The bold contrasts between light and dark, known as chiaroscuro, in the hands of the famous Renaissance painters of the 17th and 18th-century, was not only a means for modeling, but was put to use as a vehicle to differentiate between the main figures and the background, creating the depth of the painting. But more importantly, it helped the painters research the notion of darkness helping them to build certain narratives. Some of the most disturbing images in paintings and in printed art, employing the traditional printmaking technique, the aquatint, employ the light and dark or black and white contrasts. This helped painters present different religious ideas or bring the mysterious world of dreams closer to the public.
The tradition of the Op art movement, is possibly the best-known arena where many artists, such as M.C. Escher explored and played with the pattern designs and the world of the black and white contrast. Such sharp contrasts often explored the idea of the movement within a static image, making the still image appearing to vibrate. This stark difference in contrast, along with the experimentation with horizontal or vertical line and geometrical shapes, denies the eye a resting place.
This is also visible if one plays with color, specifically complementary color combinations. As they are located directly opposite of each other on the color wheel, they are the best examples to help illustrate color contrast. The red and green, blue and orange, yellow and purple, are often put next to each other to help make the image pop, or to play with the image size. The contrast of red and green, if attention is not placed on the value of the color (and by this, we refer to the darkness or the lightness of the color) is often very disturbing for the eye and it is one of the combinations that would appear slightly blurry on a digital screen.
Often, this trickery of the eye inspired painters and printmakers to play with bold color combinations in order to achieve diferent contrast in art. We have some of the best examples of this in the works of the famous painter Henri Matisse, not to mention his fellow painters of the Fauvism movement.
The true value of the contrast in art lies in the building of the concept or the idea of the work. The opposite is important not only as a tool to define the focus but the various combinations can suggest the idea of the contrasts of the subject matter, various realities, such as the idea of the real world and imagination, or point to highly constructed situations which will help to reflect certain beliefs within one society. Various authors focus their production on the reflections about various dualities, and these may be viewed as contrast on a more philosophical level.
Contrast in art could be viewed as a tool to help define the identity of the finished product. Without contrast, the painting or a sculpture can become invisible if it doesn’t consider the arrangement of its different parts, not to mention the space for the end display. In keeping and thinking about the opposite one can continue to create and to push the boundaries of contemporary art production forward.
Editors’ Tip: Visual Contrast: The Painter's Secret Geometry: A Study of Composition in Art (Dover Books on Fine Art)

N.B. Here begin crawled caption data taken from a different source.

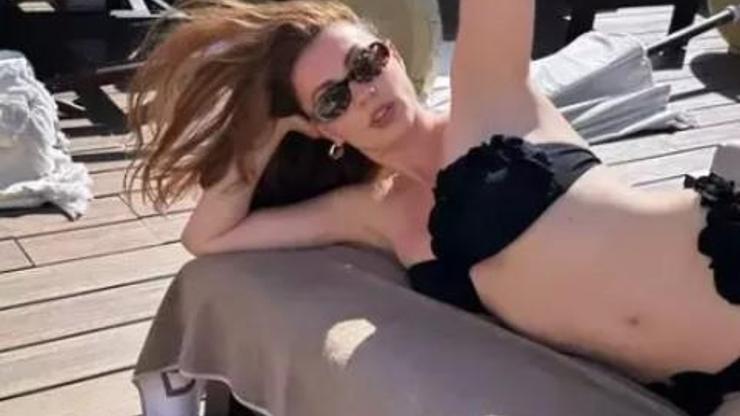 Burcu Özberk yaz sezonunu açtı Bikinili pozları sosyal medyayı salladı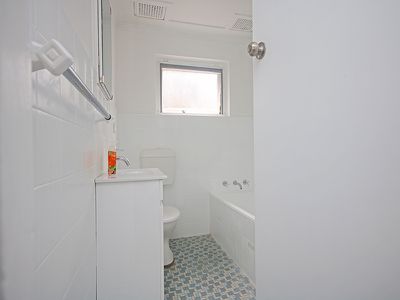 2 / 14 Garrong Road, Lakemba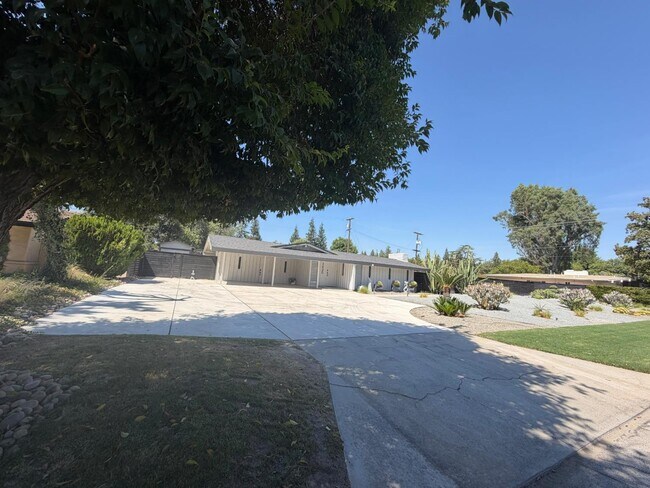 Building Photo - 2430 W San Jose Ave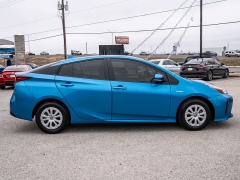Used 2022  Toyota Prius L Eco at A Motors Sales & Finance near San Antonio&comma; TX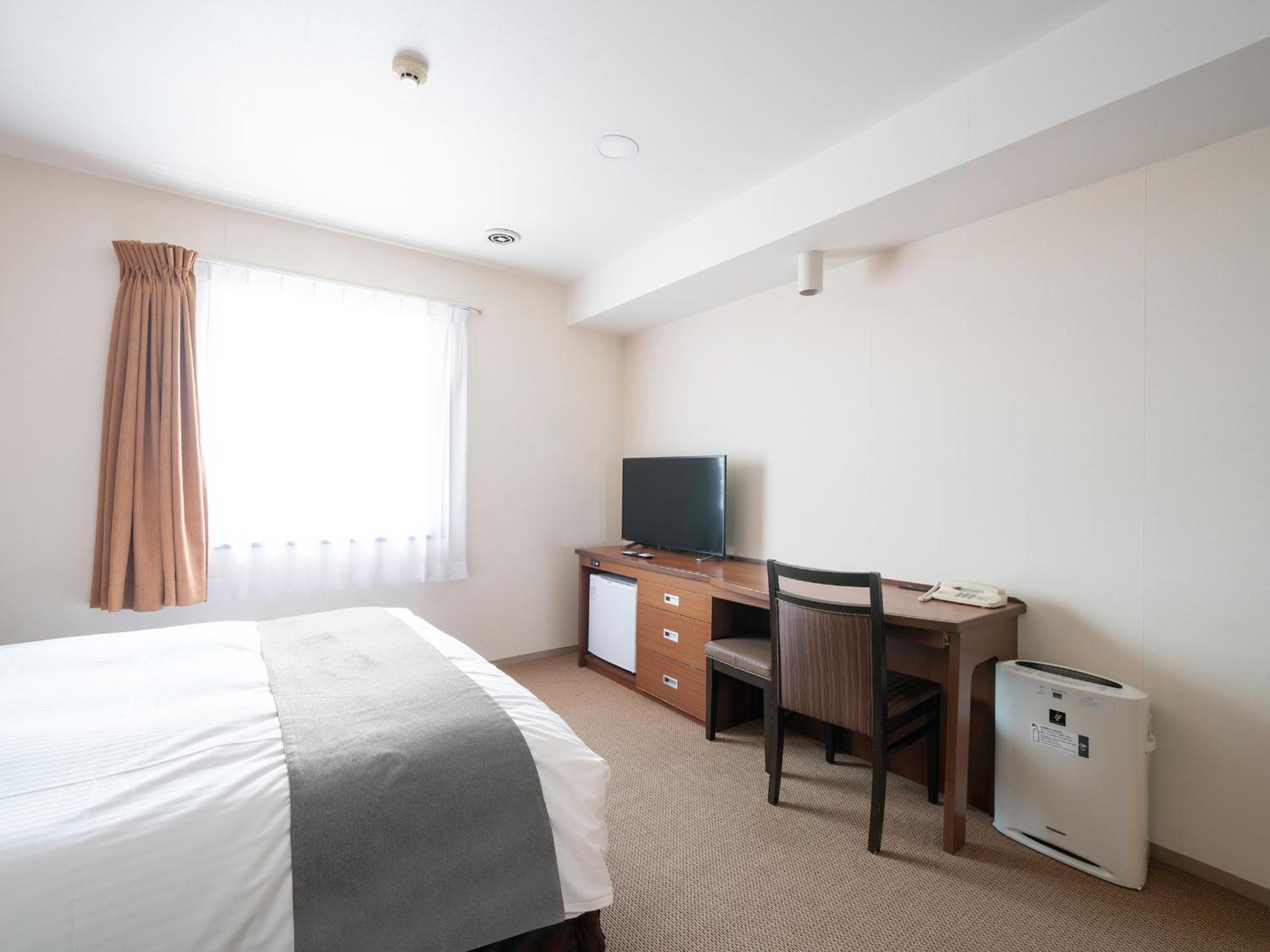 Double Room - Non-Smoking  - Photo 6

This is possibly one of the best books that explore the building of various art compositions showcased in some of the most mesmerizing examples of creativity and its history. Exploring traditional ideas of the golden rule, the golden man and other geometrical patterns, the book is an excellent guide towards the different periods and the creation tactics of old masters, and 20th-century painters such as Picasso, Kandinsky, Klee, and Pollock. Aiming to bring to the reader the understanding of all the compositional tools and principles, the book is a must-have for anyone that wants to learn more about the process of work of their favorite painters.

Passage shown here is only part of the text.